The high gloss of enamel paint might be very off putting, but in this case it reads as warm and rich to me. The gallery assistant told me that Hume uses hardware store paint, making stencils that he fills with paint which leads to shapes with raised edges, each shape strongly delineated by its border and catching the light festively.


The Wonky Wheel (Yellow), 2013; enamel on aluminum, diameter 83 7/8 x 2 3/8 in. 


There were two sculptures in the show, both Wonky Wheels. As I looked at this far from perfect spoked wheel it seemed a kind of wheel of life, a wobbly turning of time. Imagine my surprise when I read the press release for the show, at the link above, and discovered that the
motif is based on a Navy SEAL's telescopic gun sight, re-creating a sharpshooter's perspective from the artist's own point of view. 
Well, I am stumped; there's nothing in this piece that speaks of violence or war or tragedy, not to me. So what do I do about my responses? are they way off base, or is this an instance of the artist not knowing what he hath wrought?  Is he trying to undermine the origin of the image by the jolly presence of the sculpture? Is this something like 1960s Flower Power, sticking colorful blooms in gun barrels? I realize that artists, including myself, cannot control how people see our work; galleries try to do so with press releases and artist's statements, but is this all in vain? I usually like when a viewer sees something in a work of mine that I had not at all intended.

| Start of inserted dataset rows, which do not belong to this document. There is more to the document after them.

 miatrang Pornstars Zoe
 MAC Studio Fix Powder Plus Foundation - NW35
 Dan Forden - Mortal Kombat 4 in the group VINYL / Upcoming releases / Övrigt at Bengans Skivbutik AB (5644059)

The Mound, 2013; enamel on aluminum, 60 x 72 in.


There is more:
Drawing inspiration from a commemorative publication celebrating the assassination of Osama bin Laden, Hume's new compositions isolate and fragment the photographic source imagery to near total abstraction. 
Yes, I would say so...almost total abstraction, and nothing here to indicate such a source. In The Mound, I see perfectly balanced odd shapes painted in colors that startle, soft as they are. (a note on color: my photos here are different in color from the gallery website images; it's hard to know which are more accurate.)


Fetish, 2013; enamel on aluminum, 78 3/8 x 55 7/8 in.


This painting was one that I might imagine to be about night and stealth, but brightened by the bits of green and red at bottom. The shape floating at the left looks like a telephone, the only vaguely representation image in the show, except for another, Sniper Circus (which I didn't photograph), whose image source as a gun is more evident. I like the moodiness of this work, but even with its dark palette, it is lush because of the shapes and glossy paint, a tropical night.


Tribute, 2013; enamel on aluminum, 44 1/8 x 56 1/4 in.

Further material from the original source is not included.